Being a history buff stuck in the storage industry, I’ve long had an interest in how we got where we are. So much of the storage industry is rooted in legacy, and we can learn much by knowing why things turned out the way they did.
I’d like to kick off a series of articles with an exploration of a key piece of storage technology, the open systems NAS array. Now, lots of people think that NAS is a new development, but this is not so. In my research, I’ve come to the conclusion that NAS predates SAN by a few years at least, and its history is linked to the development of open systems servers, too!
Let’s start with some basics. I’m assuming that NAS is defined as the sharing of files (rather than blocks) over a high-level protocol. NAS generally addresses offsets within files within folders, and we usually encounter it today in the form of CIFS or NFS servers, which operate over the familiar IP protocol and Ethernet networks.
This was not always the case, of course. The earliest file servers I could find were created at Stanford using Xerox Alto servers, and headless file servers were named and in place by 1979, according to Byte magazine.

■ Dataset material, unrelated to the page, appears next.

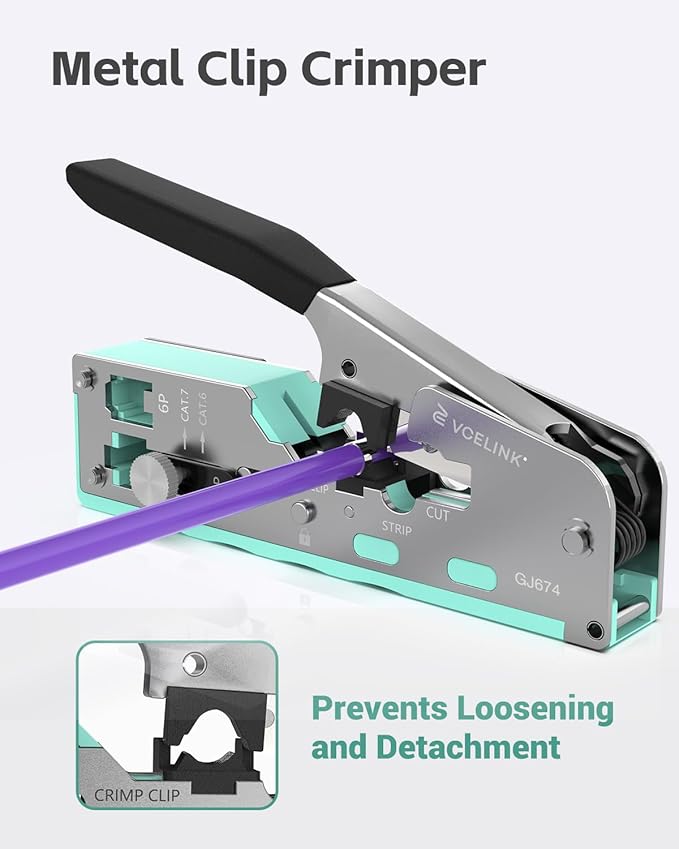 VCELINK RJ45 Crimp Tool, All-In-One Ethernet Crimper for CAT7/CAT6A/CAT6/CAT5E/CAT5, No Screwdriver Needed RJ45 and RJ11/RJ12 Crimping Tool, with An Adjustable Knob, Green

Certainly, development of the concept of a “server” and file server in particular was helped by the introduction of XNS around 1981, as it included RPC functionality.
Novell took this concept and ran with it, transforming XNS SPP into IPX/SPX and introducing NetWare in 1983. It’s safe to say that NetWare was the first file server software, at least in the open systems world.
But there was another heavy hitter in town – 3Com. These days, it’s easy to forget just how important this company was back then, but the networking and storage world would look very different without 3Com! It was founded to exploit Xerox PARC’s Ethernet protocol, and like Intel today spent much of its first decade pushing networked applications into the market.
3Com developed a network server operating system of their own on top of DOS – 3+Share. Over two decades, this product would evolve into LAN Manager, SMB, and CIFS!
But 3Com released a hardware product, too, and this is critical to our exploration of the storage industry. The 3Server was based on the Intel x86 architecture and booted MS-DOS, but was not a PC. It had no provision for a “head” (keyboard and monitor), and was managed remotely over the network. It included seven disk drive slots from its 1985 introduction and included software to manage these disks and present storage over the network. Let’s see – headless dedicated server with disk slots running a proprietary file serving OS. Sound like a storage array to you? Me too!
Although it originally supported XNS over Ethernet and AppleTalk, Token Ring support was added quickly. The 3Server (like NetWare) also supported network applications, but it was its storage protocol that had the most impact. 3Com worked with IBM to develop a successor to 3+Share, which IBM called LAN Manager and 3Com called 3+Open. This was based on OS/2 and was handed over to Microsoft in early 1991 as 3Com refocused on network infrastructure.
So who knows of an earlier storage array in the open systems world? I’ll cover Auspex/NetApp, EMC, and the rest in future installments of Storage History.